American Hustle - L'apparenza inganna - di David O. Russell (2014)
Giudizio sintetico: si può vedere (3/5)
Anni '70, zona di New York. Irving Rosenfeld è il classico con man, un truffatore. Un personaggio decisamente da libro di memorie: infanzia medio-povera, possiede adesso una catena di lavanderie ma in realtà i soldi veri li fa agendo da (definizione sfiziosa dalla scheda Wikipedia inglese del film) con artist, uno che truffa gente con i soldi rifilando loro quadri falsi (d'autore), e pure promettendo prestiti a persone in difficoltà finanziaria, persone che non troverebbero mai nessuna banca o finanziaria disposta a prestar loro un dollaro, disperati al punto da riuscire a raggranellare 5000 dollari nella speranza di avere un prestito, appunto. Irving punta in alto, alla bella vita che, pian piano, riesce a concedersi, e ad una festa conosce l'amore della sua vita, la donna perfetta per essere amante e partner in crime: Sydney Prosser, che all'occorrenza si spaccia per una nobile inglese esperta d'arte o di finanza con agganci nelle banche giuste. E' amore, a dispetto della bellezza cristallina di lei e della pachidermicità di lui. Irving, però, ha uno scheletro nell'armadio: è sposato con la giovane e molto sciroccata Rosalyn, madre di un figlio che Irving ama come se fosse suo.

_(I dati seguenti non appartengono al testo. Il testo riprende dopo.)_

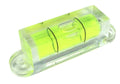 Mini Spirit Level Screw on Bubble Square 28MM Vial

Quando l'agente dell'FBI Richard Richie DiMaso li coglie in flagranza di reato, con l'idea di "usarli" per incastrare "pesci" molto più grossi, dimostra di avere un debole per la bella Sydney, l'idillio tra lei e Irving viene messo a rischio.
Ebbene si, ce l'hanno spacciato come un filmone, imperdibile, ritmato, da batticuore, denso di significato e pregno della sensibilità del regista, che mi ha fatto molto ridere in un'intervista letta giorni fa dicendo che siccome ha un figlio bipolare e un rapporto difficile col padre mette tutta la sua sensibilità dentro i suoi film, ma in realtà, American Hustle, e guardate che ho aspettato il più possibile a scriverne in modo che dimenticaste quello che ha detto in proposito Dantès, è solo un gran bel giocattolino con delle grandiose prove attoriali, ma senza troppa anima. Ispirato alle vere storie di Melvin Weinberg (Irving), Anthony Amoroso Jr. (Richie), Evelyn Knight (Sydney), Cynthia Marie Weinberg (Rosalyn) e Angelo Joseph Errichetti (Carmine Polito), e alla vera operazione Abscam, American Hustle è la classica rampa di lancio per gli Oscar e, davvero, niente più. Un film anche divertente (ottime battute disseminate per tutta la lunghezza, e che lunghezza), fotografato (e "costumato") perfettamente per rendere l'idea di essere negli anni '70, e, come detto, infarcito di attori e attrici da urlo, spesso in stato di grazia, ma non troppo. Infatti, se De Niro (Victor Tellegio, ispirato al boss Vincent Alo) è uno che fa sempre piacere vedere, ci si aspetterebbe però qualcosa di più. Paradossalmente, molto meglio Louis C.K. nei panni del capo di DiMaso Stoddard Thorsen, usato però un po' troppo da punching ball e troppo poco da attore. La lista è lunghissima: c'è Christian Bale (Irving) grasso e pelato, che ammiriamo sempre per l'aderenza al personaggio e il trasformismo, ma abbiamo visto dare di più, c'è un Bradley Cooper nella parte di DiMaso che sinceramente è decisamente sopra le righe, c'è un Jeremy Renner con i capelli alla Elvis nei panni di Carmine Polito che dimostra di essere veramente poliedrico, c'è una Jennifer Lawrence (Rosalyn) che non ci deve più dimostrare niente (a volte mi chiedo, diamine, questa ha appena 23 anni, c'è il rischio che si annoi e si metta a fare torte), e poi c'è una splendida Amy Adams (Sydney) che qui è davvero tanto bella quanto brava (lo sapevamo), e un sempre migliore Shea Whigham nella parte di Carl Elway.
1 commento:
comincio a farci l'abitudine! :D ma l'ho già detto quanto è fica Amy Adams in questo film?